MANILA, Philippines — Would a national examination on law school admission violate a citizen’s right to knowledge?
Senior Associate Justice Antonio Carpio posed a hypothetical situation to the respondent-government on Tuesday’s oral arguments: A person would want to enroll in a law school to expand his knowledge or use it for promotion purposes, but he would not be allowed to enter the law school for flunking the Philippine Law School Admission Test.
“If the person who flunked PhiLSAT cannot study law, you are depriving him of his right to knowledge which cannot be stopped,” Carpio told Solicitor General Jose Calida.

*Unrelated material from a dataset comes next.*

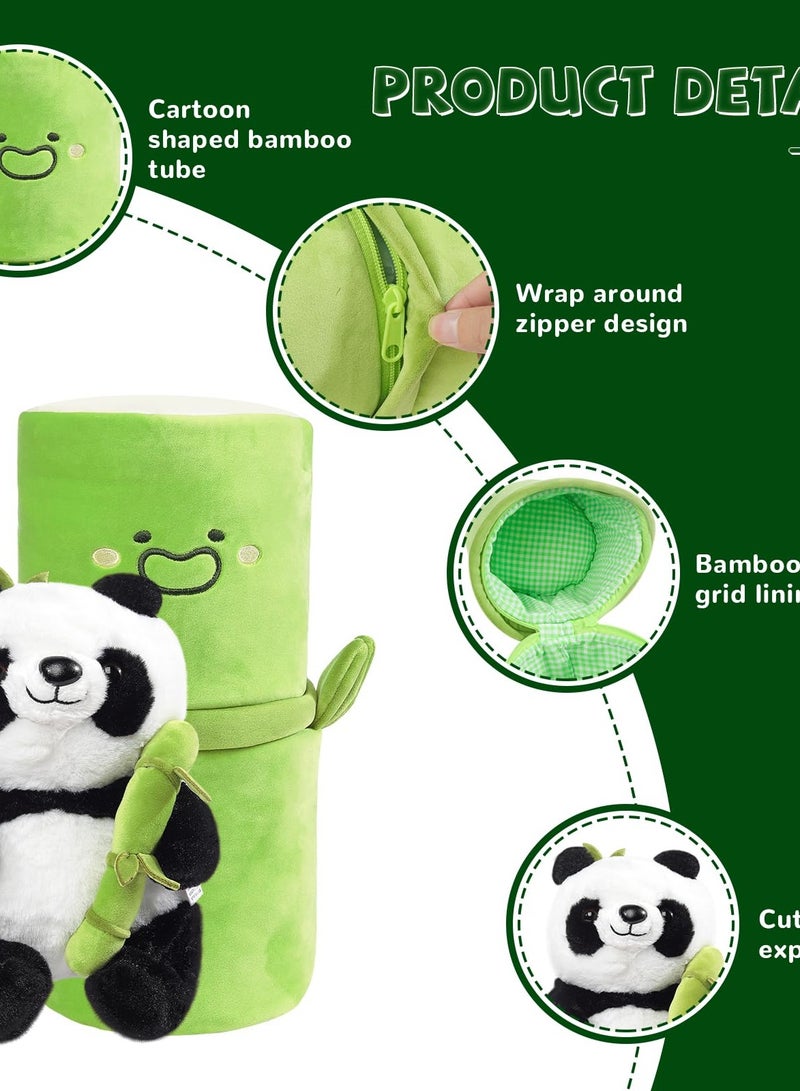 Panda Stuffed Animals, 2 in 1 Bamboo Tube Panda Plush and Pillow, Soft Plush Toy for Tummy Time, Babies' Play, and Cuddles, Adorable Gift for Boys and Girls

But Calida said the petition they were discussing does not raise the situation being propounded by Carpio.
The oral argument was set on the two petitions filed by retired Makati Regional Trial Court Judge Oscar Pimentel and a group of law students in 2017 and 2018, respectively. They are questioning Republic Act 7662 or the Legal Education Reform Act that was the basis for the memorandum that ordered the conduct of PhiLSAT.
“I will wait for that person to go to the SC,” Calida added.
But the justice pressed: “As a matter of law, can Congress or the Legal Education Board pass a regulation saying you can never enter a law school, even if you don’t want to be a lawyer?”
Chief Justice Lucas Bersamin ordered the parties to expound on Carpio’s hypothetical situation in their respective memoranda to be submitted in 20 days.
State’s interest
Associate Justice Marvic Leonen, for his part, asked Calida: “What is the state’s interest in interfering with law schools’ decision on who they want to take?”
Calida explained that the basis for PhiLSAT is to improve the quality of the bar and bench as stated in Section 2 of RA 7662.
“The state shall undertake appropriate reforms in the legal education system, require proper selection of law students, maintain quality among law schools, and require legal apprenticeship and continuing legal education,” the solicitor general said quoting Section 2 of the law.
Leonen noted that based on Calida's response the state-administered law admission exam “may become unconstitutional“ as it interferes with a function tasked to the SC — to improve the quality of the bar and the bench.
The justice furthered: “Congress cannot tell the SC how it is going to admit people to the Bar.”
He ordered Calida to expound on his justification in their memoranda.
Leonen, during his interpellation of the petitioners earlier on Tuesday, also zeroed in how the centralized law admissions exam may infringe on academic freedom.